When you reach the line in the listing below that contains "A pothi manuscript", begin returning lines exactly as written, and stop after the line that contains "Little blond girl". Return no other lines.

BEGIN SUPPLIED RECORDS

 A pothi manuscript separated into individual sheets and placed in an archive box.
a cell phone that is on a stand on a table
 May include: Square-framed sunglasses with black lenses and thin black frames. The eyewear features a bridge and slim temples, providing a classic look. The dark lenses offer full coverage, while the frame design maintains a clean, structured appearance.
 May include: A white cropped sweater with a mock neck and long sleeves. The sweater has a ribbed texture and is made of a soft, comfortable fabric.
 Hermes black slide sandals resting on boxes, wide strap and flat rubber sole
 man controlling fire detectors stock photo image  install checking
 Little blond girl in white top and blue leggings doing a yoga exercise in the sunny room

END SUPPLIED RECORDS
BEGIN SUPPLIED RECORDS

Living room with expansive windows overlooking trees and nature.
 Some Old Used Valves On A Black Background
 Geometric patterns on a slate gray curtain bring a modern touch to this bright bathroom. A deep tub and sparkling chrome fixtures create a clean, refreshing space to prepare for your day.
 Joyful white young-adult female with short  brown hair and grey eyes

END SUPPLIED RECORDS
BEGIN SUPPLIED RECORDS

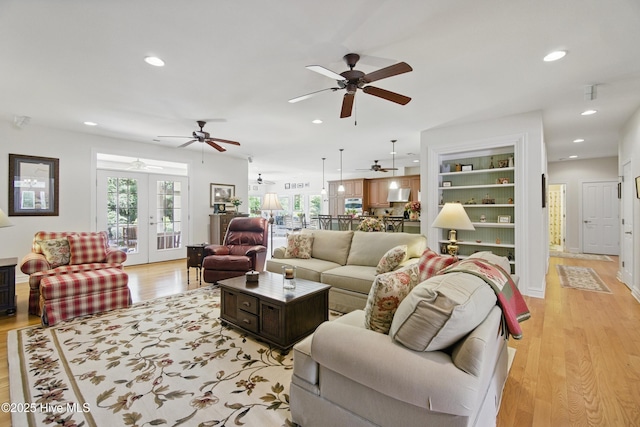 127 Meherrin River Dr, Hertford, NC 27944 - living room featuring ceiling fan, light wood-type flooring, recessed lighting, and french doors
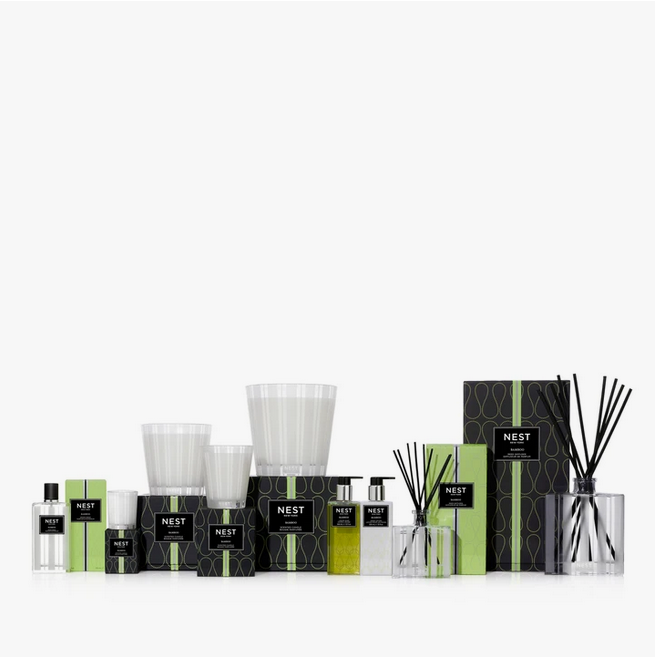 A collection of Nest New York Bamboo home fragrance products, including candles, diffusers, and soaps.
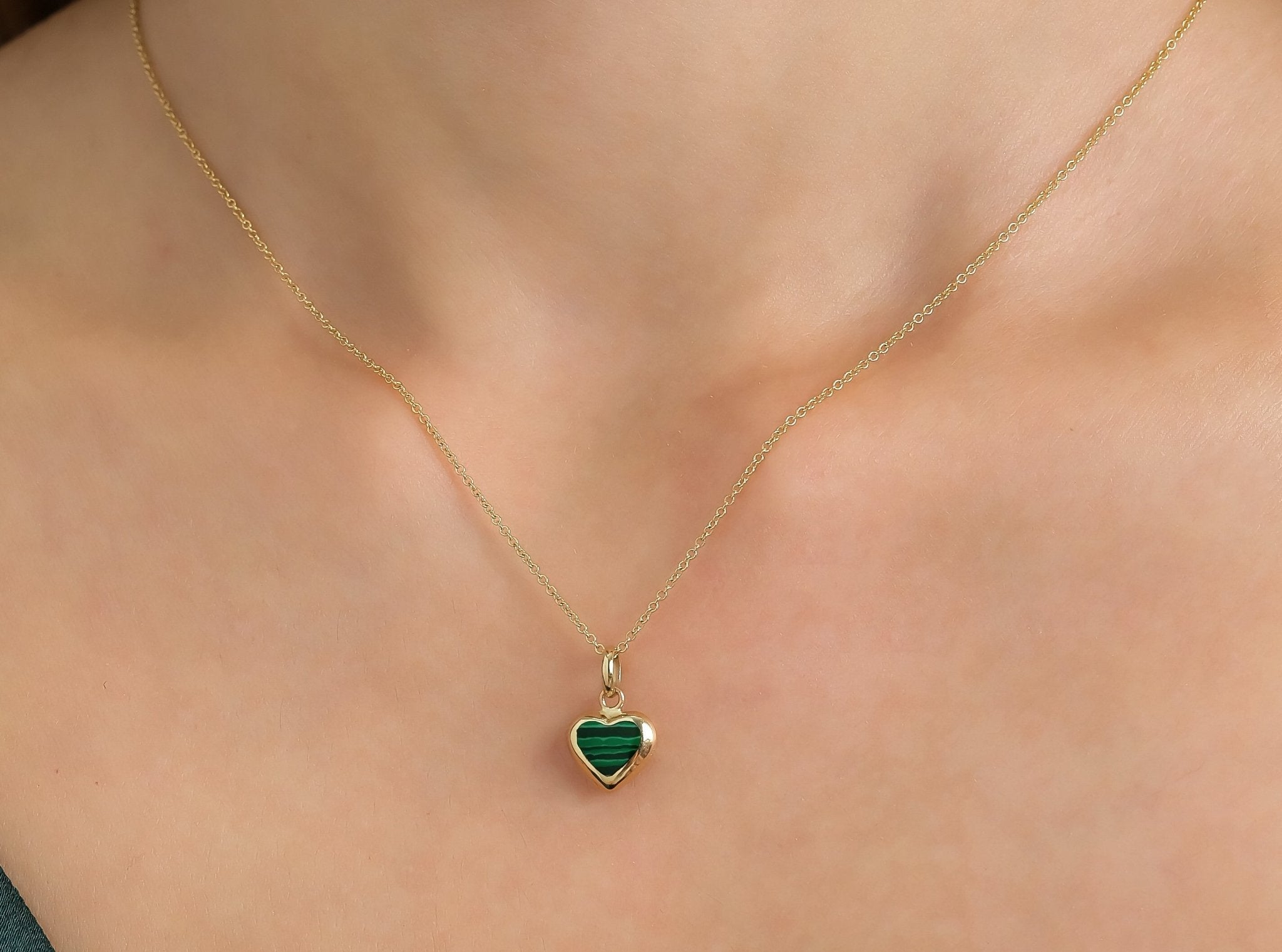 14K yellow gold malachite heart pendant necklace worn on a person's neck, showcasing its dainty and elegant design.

END SUPPLIED RECORDS

» **ANSWER SPACE**:
 A pothi manuscript separated into individual sheets and placed in an archive box.
a cell phone that is on a stand on a table
 May include: Square-framed sunglasses with black lenses and thin black frames. The eyewear features a bridge and slim temples, providing a classic look. The dark lenses offer full coverage, while the frame design maintains a clean, structured appearance.
 May include: A white cropped sweater with a mock neck and long sleeves. The sweater has a ribbed texture and is made of a soft, comfortable fabric.
 Hermes black slide sandals resting on boxes, wide strap and flat rubber sole
 man controlling fire detectors stock photo image  install checking
 Little blond girl in white top and blue leggings doing a yoga exercise in the sunny room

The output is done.